Esther eyed him over her coffee cup as she sat at the corner of the table.
"Now, Governor," she said, using the term she had favored ever since he was attorney general of Ohio and still two years away from the governorship. "Isn't this a little early to be worrying about "76?"
"Somebody wants my job right now, or so I'm informed." Lyman telescoped Casey's story, and his own additions, into about five minutes for her benefit.
"This may be a complete misunderstanding all around, Esther," he said as he finished the recital, "but we've got to find out fast. For the time being, only five people are going to know about this beyond you and me: Ray Clark, Paul Girard, Colonel Casey, Art Corwin, and Chris Todd. If any one of them calls during the rest of this week, no matter what time of day, I want you to take the message."
"Do you think I'd better sleep here at the House?" she asked. Her tone was neutral, and Lyman had no way of guessing her reaction to the story. Lord, he thought, I wish I knew my own. If the sun was shining now, I'd think the whole thing was cockeyed.
"Yes, I do. I think for the rest of the week you'd better use that cot in the doctor's office. And, Esther, what about the switchboard girls? In a situation like this-I know it's silly-but I'd rather not trust anybody you don't."
"That's easy," Esther said. "Helen Chervasi and I are good friends. I'll get her to set up the two daytime shifts so that calls from any one of those five people will be switched to her. I'll take the overnight shift myself."
"You can't do that, Esther." Lyman was genuinely concerned. "You'd be out on your feet in two days."
She shook her head. "No, I can nap some during the day, and there won't be any calls much after midnight."
"Well, what do you think of it all?" He was curious, for she still had made no comment on this weird new problem of the Lyman administration.
She pointed her index finger at her head in a familiar private signaclass="underline" Quiet, secretary thinking. They both grinned.
"Actually, Governor, I'm puzzled, just as you are. As a woman, I'd say I'd have to know more about General Scott. I don't have any particular feeling about him, I mean in that kind of thing. If I were you, I'd find out more about his girl friend."
"What girl friend?"
"Oh, haven't you heard that old one?" Esther smiled wisely and shook her head as if in pity for the backwardness of the male. "It's been the gossip for a couple of years. The General is supposed to slip up to New York now and then to see a very chi-chi item named Millicent Segnier. She's fashion editor of Cherie magazine. They're supposed to have a big thing."
"Well, I'll be damned," Lyman said. "The things a man learns when he lets it drop that somebody is making a pass at his job. That's interesting, dear, but hardly anything to save the Republic with. Look, time's awasting. Get Ray Clark here right away."
The morning papers lay neatly piled on the table behind the desk, still unread, when Clark sailed into Lyman's office.

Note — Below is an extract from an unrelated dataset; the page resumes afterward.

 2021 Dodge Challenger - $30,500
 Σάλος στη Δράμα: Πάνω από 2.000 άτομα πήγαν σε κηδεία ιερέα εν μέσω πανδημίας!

"What in God's green earth are you gettin' me outa mah bed at this houah fo', Mistuh President?" asked Clark. His face was still wet from the rain. "Ah ain't got me one of them free ten-thousand-dolluh White House funeral wagons to carry me, neither. Ol' Ray gotta drive hisse'f."
Lyman's smile was no more than perfunctory. "Stow the accent this morning, will you, Ray? We've got some fast thinking to do."
He buzzed for Esther and asked her to order a breakfast for Clark.
"Do you know a Marine colonel named Casey, Martin Casey?"
"Sure," Clark said. "If you mean the director of the Joint Staff. He's been before the committee a few times. Did me a favor once, too. The son of a pretty prominent fellow in Atlanta went AWOL from Marine boot camp down at Parris Island. The kid got what was coming to him, but Casey was nice enough to see they kept it out of the papers."